Celeste – African Angel is a series of digital portraits where the angelic figure becomes a being of weightlessness, suspended in an inner space where gravity no longer applies. These characters with immaculate wings evolve within intense monochrome backgrounds, as if floating in a mental field made of silence, light, and pure presence.
The series explores states of consciousness, introspection, and a form of silent presence described in phenomenological approaches to inner experience, such as the article Being Moved by Art: A Phenomenological and Pragmatist Dialogue (Estetika – The European Journal of Aesthetics).

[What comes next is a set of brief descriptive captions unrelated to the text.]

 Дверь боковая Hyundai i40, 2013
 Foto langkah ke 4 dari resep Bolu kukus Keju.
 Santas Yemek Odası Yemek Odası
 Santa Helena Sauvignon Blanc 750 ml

It also touches on the idea of silence as presence, developed in Le silence comme présence : représentations du Vide dans la peinture de paysage chinoise by Katalin Kovács.

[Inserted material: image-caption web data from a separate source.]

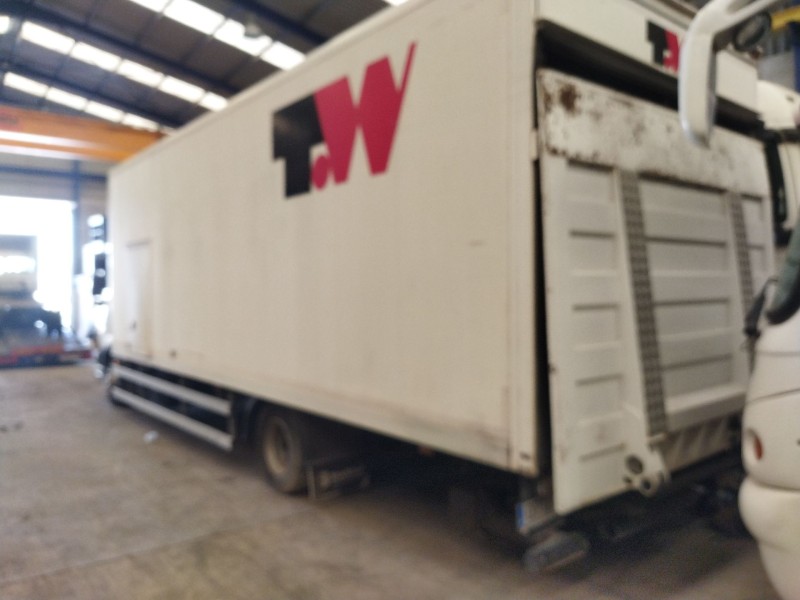 daf serie lf45.xxx desde 06 del año 2006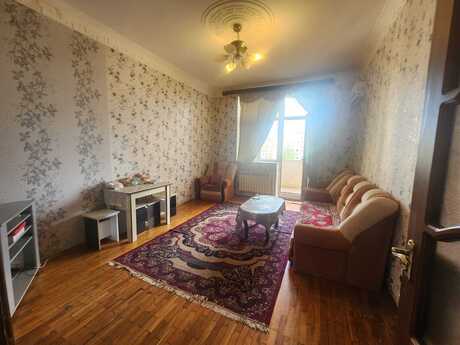 2-room apartment, 65 m², Bakıxanov: 139 000 ₼ 3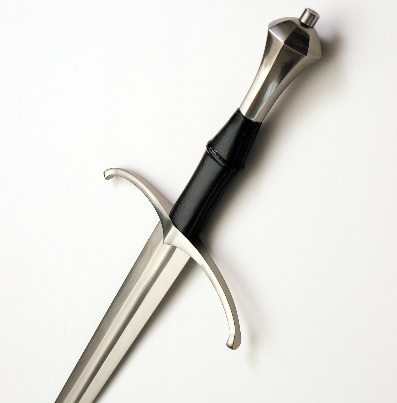 Featured image for “The Sword of God”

The colored cords surrounding each figure act as psychic vectors: thoughts, fragments of identity, emotional tensions that these angels cling to in order to remain connected to the tangible world. Each color becomes a mental micro-landscape, a space of projection revealing their inner life.

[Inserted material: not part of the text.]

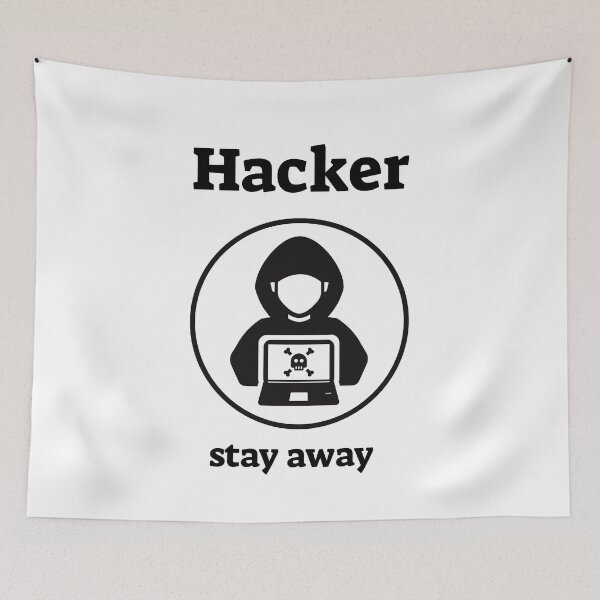 Item preview, A cool t shirt for hackers! designed and sold by Geniusmadness.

This relationship to the body, to suspension, and to inner energy resonates with other series in my work, notably Leaps of Time, where mental movement becomes visual language, and Les Belles Plantes – Seasons, whose symbolic vocabulary questions identity and the vitality of the living.
Celeste – African Angel thus fits within a larger continuum: a hybrid universe where color, light, and presence become the visible forms of the invisible.